Egypt offers a similar case. Despite its reputation for stability, the Egyptian state depended on precise management of the Nile’s hydrological cycle. Military expeditions into Nubia served not only to secure raw materials but also to reinforce strategic depth along the river system. Years of weak flooding posed systemic risks to political order. Governance, from a security perspective, was inseparable from managing environmental vulnerability.
A fragile web of dependencies
The Bronze Age introduced a new security dynamic: long-distance resource dependence. Bronze production required copper and tin, often sourced from geographically distant regions. This created early transregional supply chains, enhancing economic capacity but increasing strategic vulnerability.

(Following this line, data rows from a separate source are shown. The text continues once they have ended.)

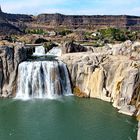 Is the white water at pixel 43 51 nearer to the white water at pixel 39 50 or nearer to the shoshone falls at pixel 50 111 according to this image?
the white water at pixel 39 50

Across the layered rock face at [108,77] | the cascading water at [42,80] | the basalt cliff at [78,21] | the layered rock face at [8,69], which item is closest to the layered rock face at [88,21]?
the basalt cliff at [78,21]

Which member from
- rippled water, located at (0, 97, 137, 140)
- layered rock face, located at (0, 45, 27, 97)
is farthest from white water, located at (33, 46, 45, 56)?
rippled water, located at (0, 97, 137, 140)

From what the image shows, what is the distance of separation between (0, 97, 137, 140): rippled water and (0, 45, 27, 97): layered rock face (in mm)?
2027

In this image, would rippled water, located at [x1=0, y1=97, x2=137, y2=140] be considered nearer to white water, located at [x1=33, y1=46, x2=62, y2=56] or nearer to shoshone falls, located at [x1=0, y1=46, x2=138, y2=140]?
shoshone falls, located at [x1=0, y1=46, x2=138, y2=140]

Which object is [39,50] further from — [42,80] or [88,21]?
[88,21]

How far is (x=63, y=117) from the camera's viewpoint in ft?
138

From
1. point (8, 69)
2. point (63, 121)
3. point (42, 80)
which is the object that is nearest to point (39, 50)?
point (42, 80)

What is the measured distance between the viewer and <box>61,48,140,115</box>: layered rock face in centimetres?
4326

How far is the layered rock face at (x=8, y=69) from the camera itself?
50.1 metres

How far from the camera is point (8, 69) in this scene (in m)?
50.6

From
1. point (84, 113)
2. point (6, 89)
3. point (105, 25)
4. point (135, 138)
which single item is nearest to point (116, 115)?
point (84, 113)

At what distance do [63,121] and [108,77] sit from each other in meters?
10.4

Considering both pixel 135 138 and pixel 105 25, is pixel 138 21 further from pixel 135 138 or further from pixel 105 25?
pixel 135 138

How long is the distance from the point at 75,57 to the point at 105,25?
119003mm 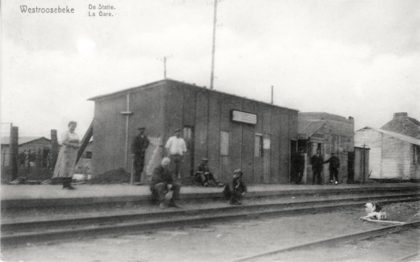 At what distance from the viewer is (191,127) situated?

The collapse of Bronze Age systems demonstrates a recurring lesson in security history. Highly interconnected systems amplify risk when redundancy and resilience are insufficient. Disruption of trade routes, whether through conflict, migration or environmental stress, could rapidly undermine political authority. Strategic overextension, rather than external conquest alone, contributed to systemic failure.
Empires and granaries
Classical antiquity further institutionalised the link between security and logistics. Athens« naval power was a strategic necessity rooted in food security. Control of maritime routes ensured access to grain supplies from the Black Sea region. Naval dominance was therefore a defensive requirement, not merely an instrument of expansion.
Rome expanded this logic into an imperial system centred on logistical control. Provinces functioned as supply nodes, while the army protected transport corridors. Food shortages in Rome represented not only social crises but direct threats to regime stability. Ensuring uninterrupted supply flows became a core security function of the state. Military campaigns increasingly aimed at stabilising supply networks rather than acquiring territory for its own sake.
The World as warehouse
Colonialism globalised this security logic. Territories were integrated into imperial systems primarily as sources of strategic materials. Populations were subordinated to extractive imperatives, and violence became a routine instrument of control.
From a defence perspective, colonial economies were designed to ensure secure, low-cost access to critical resources. Slavery and forced labour were not peripheral abuses but structural components of this system. The postcolonial legacy remains evident today in states whose security vulnerabilities stem from economic dependence on a narrow range of exports.
Energy as a condition of stability
The twentieth century marked a decisive shift. Industrial warfare and mechanised armies made energy availability a primary determinant of military capability. Oil became indispensable for mobility, logistics and industrial production. Strategic planning increasingly revolved around access to energy reserves and transport routes.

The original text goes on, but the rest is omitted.